What did we learn? Number One would have to be that children loved this experience! They were initially dumbfounded by the question, "What do you like to do?"—and soon realized that many of the things they do are done to please or meet the expectations of someone else. They had difficulty thinking of what makes them happy, independent of the plans and expectations of parents, teachers, and other significant adults.

Second, we reinforced our conviction that young people are generally clueless about careers available, other than those they've seen in their families or in the media. Even if they have some idea of what they'd like to do vocationally, they have none about the variety of arenas in which a specific skill can be applied.

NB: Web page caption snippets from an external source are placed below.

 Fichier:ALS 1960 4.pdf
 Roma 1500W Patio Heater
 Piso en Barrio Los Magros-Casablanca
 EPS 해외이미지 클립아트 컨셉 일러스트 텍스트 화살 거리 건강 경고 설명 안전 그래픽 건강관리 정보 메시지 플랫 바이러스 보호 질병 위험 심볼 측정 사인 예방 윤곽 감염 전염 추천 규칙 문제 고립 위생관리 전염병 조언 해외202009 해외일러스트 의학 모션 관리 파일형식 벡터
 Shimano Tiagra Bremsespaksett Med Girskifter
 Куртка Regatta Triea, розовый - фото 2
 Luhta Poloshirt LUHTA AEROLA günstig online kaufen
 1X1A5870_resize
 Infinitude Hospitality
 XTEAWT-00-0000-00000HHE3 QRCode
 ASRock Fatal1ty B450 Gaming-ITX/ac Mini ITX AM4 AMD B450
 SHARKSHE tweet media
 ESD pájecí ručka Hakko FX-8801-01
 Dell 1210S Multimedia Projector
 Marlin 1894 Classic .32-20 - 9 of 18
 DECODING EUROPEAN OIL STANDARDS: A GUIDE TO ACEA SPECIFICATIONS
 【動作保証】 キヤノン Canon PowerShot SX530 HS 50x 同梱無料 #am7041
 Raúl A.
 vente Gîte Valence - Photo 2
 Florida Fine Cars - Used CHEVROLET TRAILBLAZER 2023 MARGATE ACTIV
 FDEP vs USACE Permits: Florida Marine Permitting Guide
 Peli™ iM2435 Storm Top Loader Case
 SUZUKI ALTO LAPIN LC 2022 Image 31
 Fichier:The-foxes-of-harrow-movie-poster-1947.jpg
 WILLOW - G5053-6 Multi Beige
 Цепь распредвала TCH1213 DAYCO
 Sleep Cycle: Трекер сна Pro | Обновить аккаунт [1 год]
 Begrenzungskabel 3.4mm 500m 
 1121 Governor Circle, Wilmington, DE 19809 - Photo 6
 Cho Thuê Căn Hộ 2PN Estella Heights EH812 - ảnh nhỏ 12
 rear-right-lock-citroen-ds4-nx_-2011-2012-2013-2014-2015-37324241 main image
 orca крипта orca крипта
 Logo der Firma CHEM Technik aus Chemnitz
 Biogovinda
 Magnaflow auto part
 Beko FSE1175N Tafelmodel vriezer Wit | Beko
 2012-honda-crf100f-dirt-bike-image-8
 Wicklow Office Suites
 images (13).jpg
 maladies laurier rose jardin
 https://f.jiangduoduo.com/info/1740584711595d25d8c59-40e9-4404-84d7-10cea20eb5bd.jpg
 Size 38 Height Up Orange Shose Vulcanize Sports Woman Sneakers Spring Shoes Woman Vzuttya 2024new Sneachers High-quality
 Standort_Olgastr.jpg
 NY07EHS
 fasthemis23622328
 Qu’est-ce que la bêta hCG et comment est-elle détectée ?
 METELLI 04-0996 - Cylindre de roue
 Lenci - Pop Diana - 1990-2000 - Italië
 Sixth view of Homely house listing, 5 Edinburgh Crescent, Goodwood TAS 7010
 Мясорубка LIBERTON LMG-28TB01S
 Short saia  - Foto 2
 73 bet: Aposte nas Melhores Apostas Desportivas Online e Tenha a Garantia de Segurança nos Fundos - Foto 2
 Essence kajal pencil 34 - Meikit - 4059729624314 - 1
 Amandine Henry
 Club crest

Further, they were universally relieved to learn of the now-standard "serial careers" that imply they do not have to decide right now what they want to do for the rest of their lives. They were delighted to learn about both gradual transitions to new skills and abrupt career changes that adults routinely and successfully negotiate.

We were exceptionally pleased to see the serious role staked out by the Kiwanis volunteers, who had to go beyond their circle of friends, family, and coworkers to acquaintances of this inner tier in order to find people in the right fields to match with their children. It was such a learning and growing experience for the volunteers, too. Some were initially a bit apprehensive about working with the children and were sometimes hesitant to make "cold calls" to strangers to help arrange shadowing experiences. But they pushed through this anxiety to do wonderful things with those they mentored. Why did they do it? Not just because they are altruists, we're convinced. Beyond the enjoyment of helping children in a direct and personal way, they seem to have a common concern for righting a wrong or filling a hole in the education of children for life. Perhaps they hope to have such programs in place for their own children or grandchildren, and several expressed a concern for making a positive and personal mark on the world. The point is that they could overcome discomfort and worries about the ability to pull this off because they were passionate about the need for it: they share a visceral conviction that children really need this, they aren't getting it, and that they, personally, could change that.

Plans for Next Year

The Kiwanians do not just want to continue this program, they want to expand it to every middle and high school in Ann Arbor Public Schools, simultaneously reviving their Builders Clubs and Key Clubs at those schools. In addition to doing community service, members would receive services, as well. The plan is to bring in Circle K (the college version of Kiwanis) members from UM to help in this expansion. Contacts have been made and funding requested for Circle K coordinators at each site. We will probably begin more modestly this year, while planning for this broad a program in the fall of 2000. We are all excited at the prospect of bringing disparate elements of the community together in this way.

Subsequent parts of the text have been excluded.